Tratando de no llorar, Anahí apretó un poco más fuerte las manos contra el
vientre. «Vaya por Dios, mira que somos lloronas las mujeres embarazadas». Pensó
en los cuatro meses que todavía le faltaban hasta el parto. Cuatro meses de total
incertidumbre. Cuatro meses de preguntarse cómo conseguiría criar a un niño con
los limitados ingresos de su trabajo de camarera. Cuatro meses sintiéndose sola,
asustada, ansiosa. Cuatro meses de preocupación constante por su propia vida y la
de su niño.
Y, una vez viniera al mundo, la vida se llenaría de... más miedo, más ansiedad,
más preocupación. Respiró a fondo, y trató de tranquilizarse, pasándose los dedos
rápidamente debajo de los ojos. Podían pasar muchísimas cosas en cuatro meses. Y
tampoco a ella le iba tan mal como a muchas otras personas. Tenía un techo para
cobijarse, y una cama en la que dormir... por lo menos durante otro par de semanas.

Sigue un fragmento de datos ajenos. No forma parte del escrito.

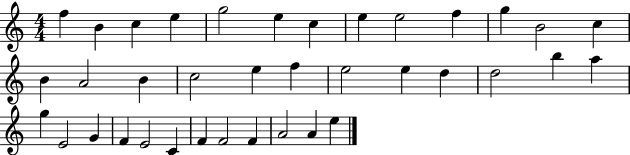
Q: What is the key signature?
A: C major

Había comida en el frigorífico, calor en el radiador, aunque no mucho, y un sueldo
fijo, aunque pequeño.
Y, además, se dijo, empezando a sonreír, faltaban tres semanas para Navidad. Era
el momento más hermoso del año. El tiempo para la esperanza, para los milagros. Sí,
podían suceder muchas cosas desde ahora hasta el nacimiento del niño. De
momento, estaba... estaban los dos, bien. Miró el reloj y se sorprendió. Tenía que salir
inmediatamente para llegar a su tuno, que era el de la hora de la comida de las
empresas.
Se puso a toda prisa el uniforme amarillo de la cafetería Evie's, leotardos blancos y
tenis blancos, y luego se pasó un peine por el pelo, largo y con grandes rizos, que
tanto le costaba domar. Se lo recogió en una cola de caballo, se puso una chaqueta de
punto, porque la verdad era que ya hacía mucho frío, descolgó el abrigo de su
percha, y salió. Al cerrar la puerta de la casa, no pudo evitar pensar que el número de
veces que volvería a repetir aquellos gestos tan naturales estaba ya limitado. El
arrendador, Ed Franke, estaba rescindiendo todos los contratos para iniciar la
rehabilitación del edificio, que se vendería dentro de unos meses por apartamentos.
Anahí no tenía ningún pariente al que dirigirse, así que no le quedaba más remedio
que encontrar otro sitio. Ni para el desalojo ni para el parto estaba verdaderamente
preparada, pero uno y otro llegarían, inevitablemente.